Could the listing below be reproduced exactly, minus its pictures?

* * *

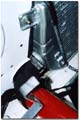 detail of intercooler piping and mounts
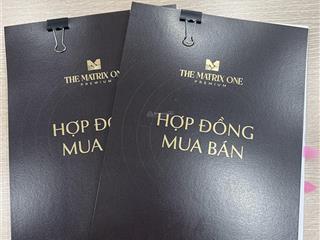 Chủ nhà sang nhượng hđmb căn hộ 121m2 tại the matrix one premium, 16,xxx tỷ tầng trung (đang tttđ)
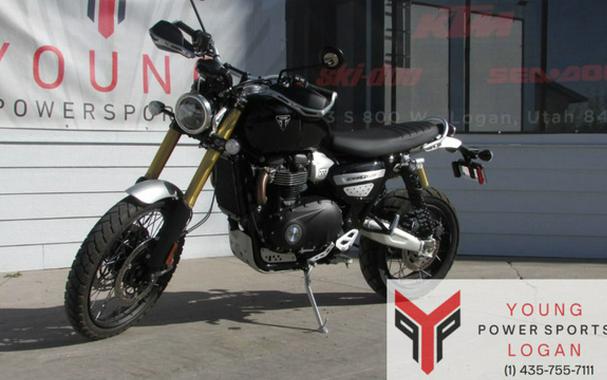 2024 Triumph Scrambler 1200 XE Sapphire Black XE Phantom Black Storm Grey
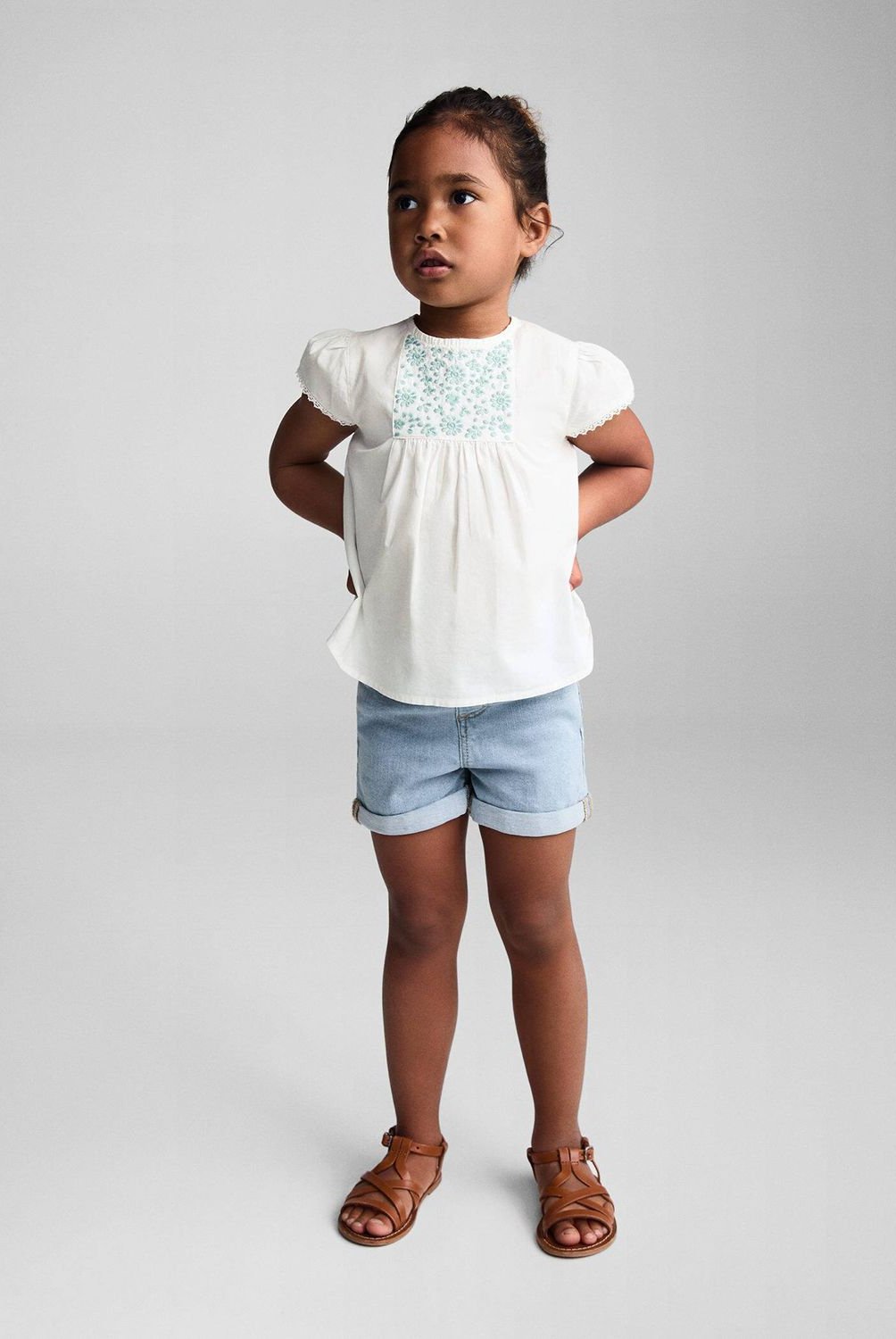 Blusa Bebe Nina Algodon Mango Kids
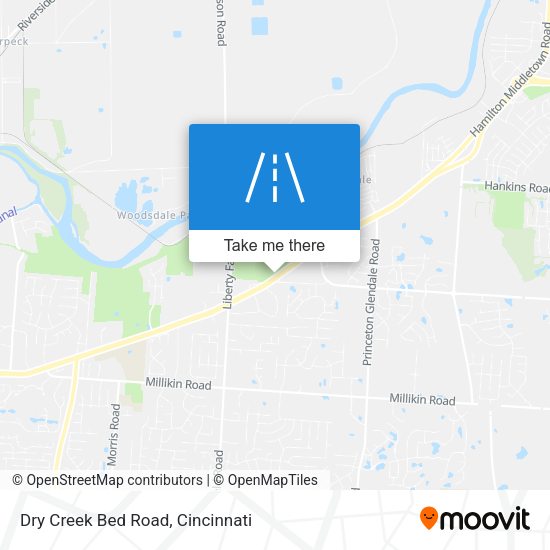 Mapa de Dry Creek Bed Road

* * *

*Exercise answer:*
 detail of intercooler piping and mounts
 Chủ nhà sang nhượng hđmb căn hộ 121m2 tại the matrix one premium, 16,xxx tỷ tầng trung (đang tttđ)
 2024 Triumph Scrambler 1200 XE Sapphire Black XE Phantom Black Storm Grey
 Blusa Bebe Nina Algodon Mango Kids
 Mapa de Dry Creek Bed Road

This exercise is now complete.